Respondent Citigroup Alternative is a subsidiary of Citigroup Inc. It was the investment manager for the ASTA/MAT and Falcon funds. Respondent Citigroup Global Markets Inc., is an affiliate of Citigroup Inc. It recommended and sold share of ASTA/MAT, a leveraged municipal arbitrage fund, and Falcon fund, a multi-strategy fund invested in fixed income strategies and asset-backed securities which was also leveraged, to investors associated with it.

From September 2002 through early 2007 Respondents offered and sold about $1.9 billion of investments in ASTA/MAT to about 2,700 investors and advisory clients of Citigroup Global. From late 2004 through October 2007 Respondents sold about $936 million of investments in Falcon to about 1,300 investors and advisory clients of Citigroup Global. Each fund was managed per disclosed investment strategies and was leveraged. Shares in the two funds were not generally sold to retail investors. Rather, they were limited to qualified purchasers.

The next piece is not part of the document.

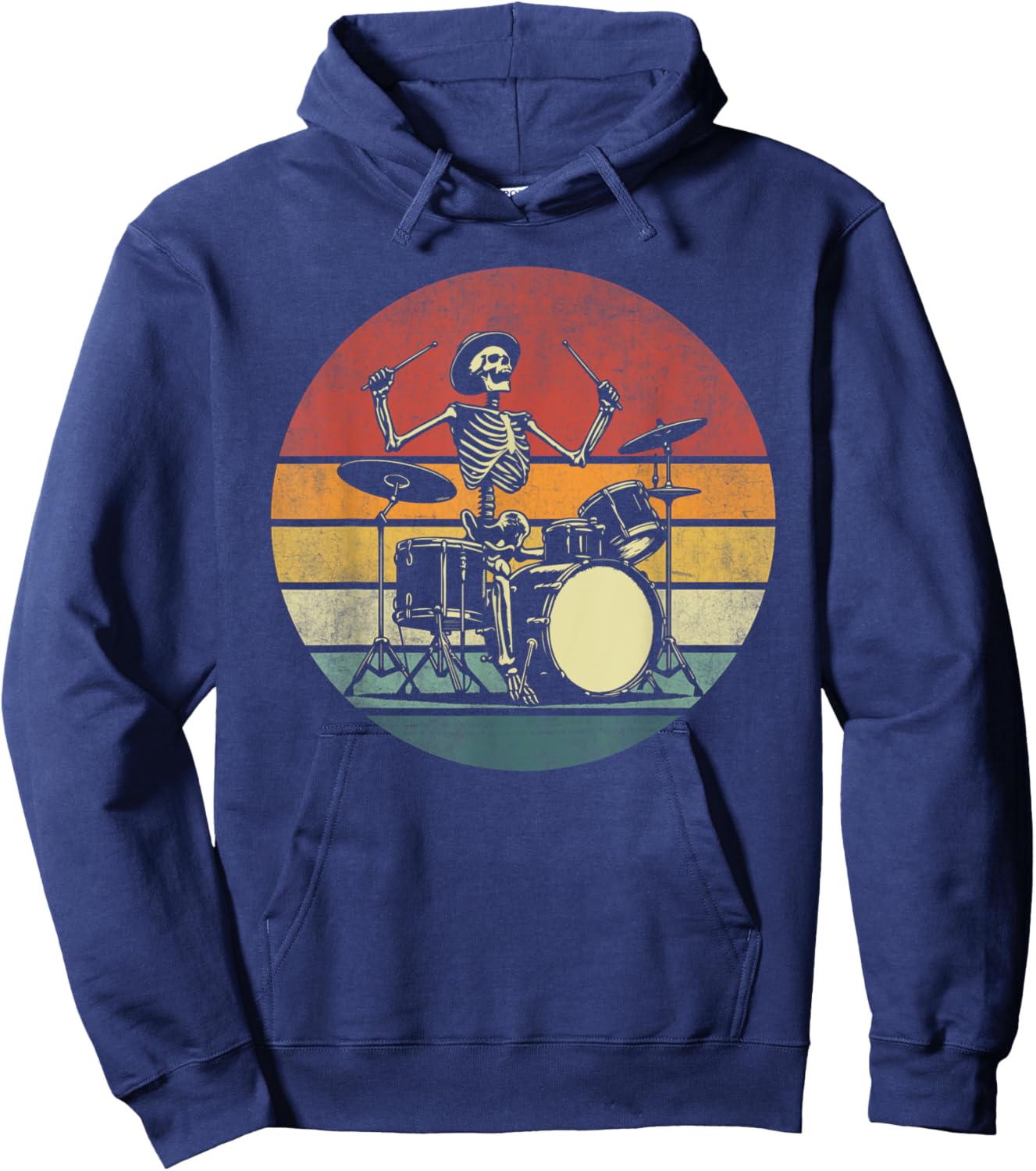 Retro Drummer Rock Skeleton Drummer Skeleton Playing Drum Hoodie - Hoodie | Navy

Those marketing the shares claimed that Falcon was safe, low-risk and could be considered a bond substitute. Similarly, ASTA/MAT was represented to be safe and low risk despite the disclosures in its offering materials. Those claims were not accurate, according to the Order. The funds used significant amounts of leverage which increased the risk of a margin call. Back testing for ASTA/MAT demonstrated there was more risk than investors were told. Thus the risk of loss for that fund, which also accounted for about 20% of Falcon’s investments, was higher than those selling the interests were told.

In August 2007 Falcon experienced margin calls. The fund manager sold about $2 billion of fund assets. An urgent request for a contingency liquidity plan in the amount of $200 million – essentially a loan from Citigroup Alternative or Citigroup Inc. — was denied. Investors were not informed about its financial condition. Misrepresentations continued to be made about its performance. Indeed, in September and October 2007 about $110 million was raised from new investors who were not told the actual financial condition of the fund. From November 2007 through March 2008 Falcon continued to experience severe liquidity shortage.

During the same period those marketing ASTA/MAT orally misrepresented its condition and ability to survive a declining market. Investors were told that the biggest risk to the fund was the institution of a flat tax. Those in charge of the sales groups, who played a part in drafting and disseminating information regarding the funds, did not implement policies and procedures to prevent the misrepresentations to the investors. The Order alleges violations of Securities Act Sections 17(a)(2) and (3) and Advisers Act Sections 206(2) and 206(4).

To resolve the action Respondents consented to the entry of cease and desist orders based on the Sections cited in the Order as well as censures. In addition they will pay disgorgement of $139,950,239 along with prejudgment interest.